A bit later on I encountered my first problem. Everything belonged to root. Both myself and Apache couldn't write to anything in there. Now, I'm pretty hopeless when it comes to managing permissions on Linux so after some Googling (and help from my friendly neighbourhood #laravel) here is what I did to make it work.

First, I added myself to the www-data group.

$ sudo usermod -a -G www-data jason

I then logged out and logged back in. I read that you might need to do this. I can't confirm or deny its helpfullness but it might be worthwhile. Next I needed to change the ownership of the /var/sites directory to the www-data group.

$ sudo chown -R www-data:www-data /var/sites

This next bit I found out a bit later when I realised the directories and folders I created within belonged to me and me only. This meant I needed to change the group to www-data all the time so Apache could read and write. The fix here was to make sure that any files or directories created inherited the www-data group from /var/sites.

$ sudo chmod g+s /var/sites

From my understanding this is fine to use just for local development. I'm not a professional when it comes to these things so I don't know the implications of using such a command. I do know that now the www-data group is inherited which fixes the problem. Hooray!

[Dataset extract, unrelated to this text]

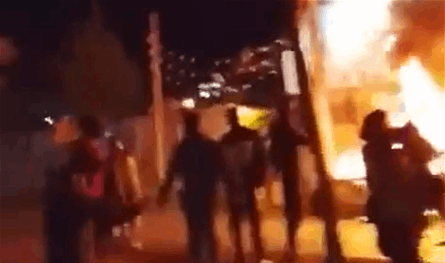 الاحتجاجات تتوسع في إيران.. الإيرانيون يطالبون بإسقاط النظام وحرق للعلم (فيديو)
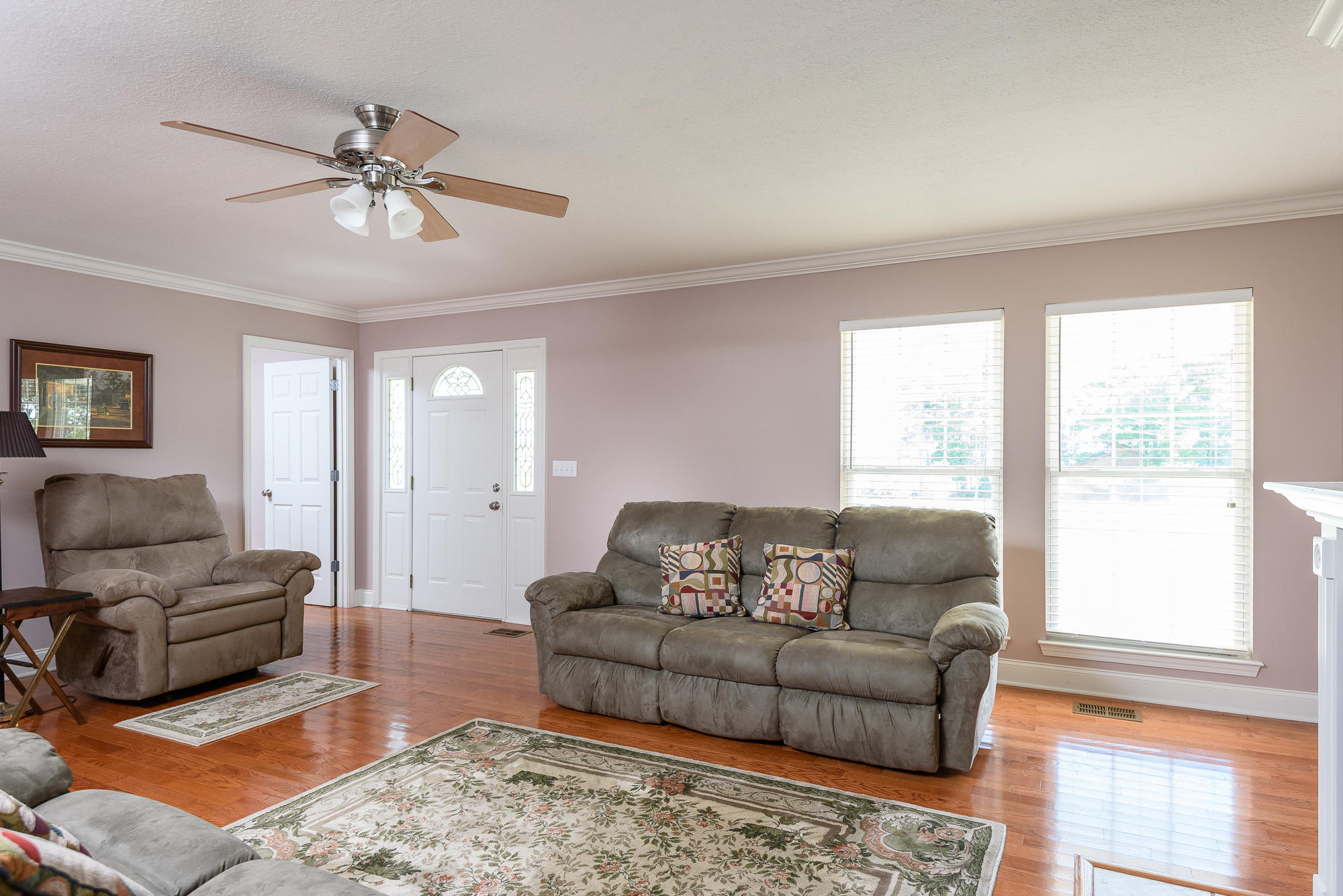 785 County 194 Road Cedar Bluff, AL 37923 - Photo 6 of 27 Living Room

Automating Project Creation

On Windows I never truly had an automated process to quickly create a new project. I'd create the required directories, use Notepad to adjust my hosts file and create a new virtual host then restart Apache. It probably only took me a couple of minutes but that's beside the point. Now that I'm on Linux creating a script to do it all is actually pretty easy.

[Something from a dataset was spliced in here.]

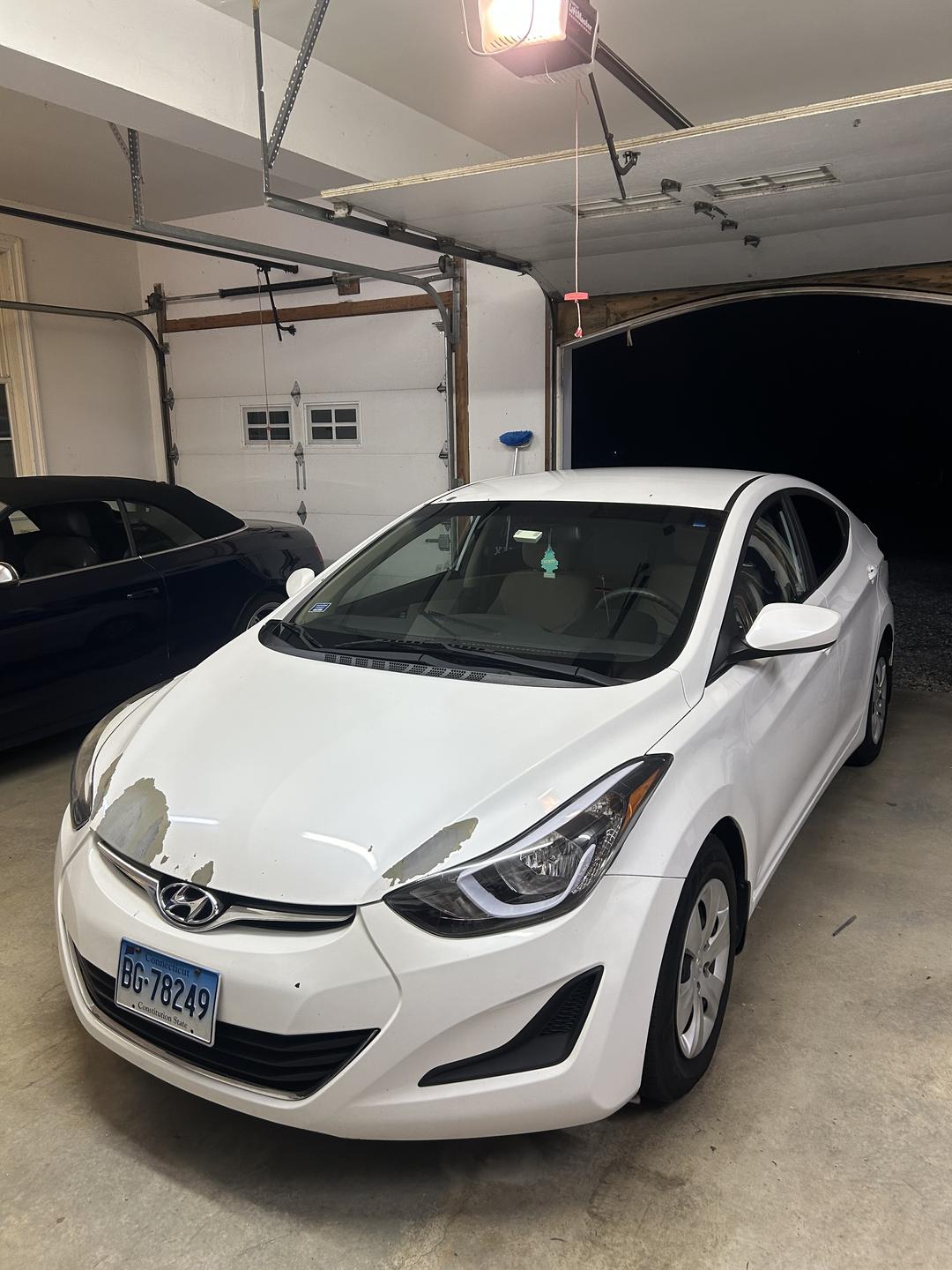 Hyundai_Elantra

Luckily for me someone had already done just that. Nek from Coderwall has created a bash script to create Virtual Hosts really quickly. This script works fine, however I wanted to tweak it to better suit my needs.

So I forked it.

There's a comment there that explains how to install it. It's pretty easy. Using it is even easier. Let's say I want to create a new Laravel project.

$ create-project --laravel awesome-laravel-project

It will go ahead and create the required directories, use composer create-project to install Laravel, create the virtual host, and restart Apache. I can now open my browser and visit awesome-laravel-project.dev to see the Laravel welcome message.

I'm sure this isn't a "one size fits all" and it certainly isn't perfect. But it's something. I'd love to hear what others are doing to quickly create a new project. Be sure to let me know in the comments!

Update: 24/08/2013

Yesterday I was doing a few things in Laravel when I started getting some more permission errors. For some reason when I created directories from within my application and set the permissions to 777 they would always end up as 755 which meant that my user (who belongs to the www-data group) could not write to the files.

As it turns out there is a default umask set which has a value of 022. Basically what it means is that this number is subtracted from the permissions you set. So, in my case, I was setting the permissions to 777, subtract 022 from that and you get 755. The solution in this case was to set the default umask of Apache to 002 (this way we can also ensure others do not have write permissions). To do that on Ubuntu we can edit /etc/apache2/envvars, and at the bottom set the umask.

umask 002

Save and restart Apache. You'll now be able to continue editing files as your user that were created by Apache.